MPs to join war on heart diseases

Members of the Lower Chamber of Parliament, yesterday, resolved to act decisively against heart diseases after a senior medical expert gave a presentation on the situation with regard to heart diseases, in the country.
A patient taking a heart check up  (Photo; T. Kisambira)
A patient taking a heart check up (Photo; T. Kisambira)

Members of the Lower Chamber of Parliament, yesterday, resolved to act decisively against heart diseases after a senior medical expert gave a presentation on the situation with regard to heart diseases, in the country.

Dr Joseph Mucumbitsi, the president of Rwandan Heart Foundation, told the MPs that cardiovascular heart diseases constituted a serious threat in Rwanda, although most people don’t seem to realize it.

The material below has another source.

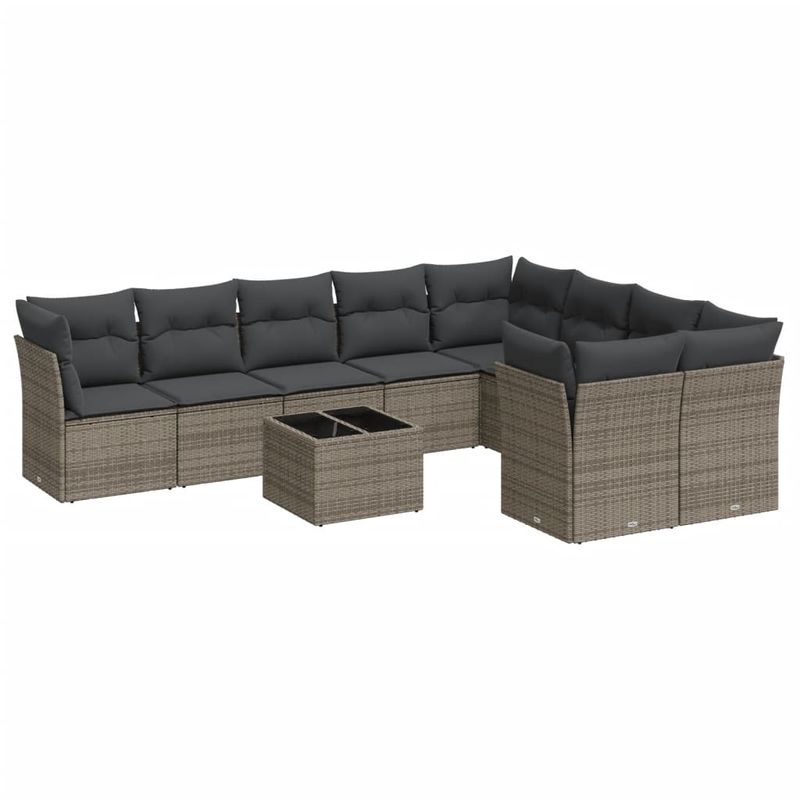 Casa si Gradina - Gradina si terasa - Mobilier exterior - Seturi mobila gradina - Set mobilier de gradina cu perne, 10 piese, gri, poliratan - Infinity.ro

Following his presentation, Vice Speaker Dr Jean Damascene Ntawukuriryayo, urged his colleagues in the House to act immediately by passing preventive instruments such as anti-public smoking law, and to sensitise the public to carry out physical exercises regularly.

Ntawukuriryayo emphasized the need to vigorously promote preventive measures, which, he said, will cut on medical expenses.

Dr Mucumbitsi gave an example of Rwinkwanvu Hospital in the Eastern Province where a recent study indicated that at least 20% of patients who visit the hospital have cardiovascular heart diseases.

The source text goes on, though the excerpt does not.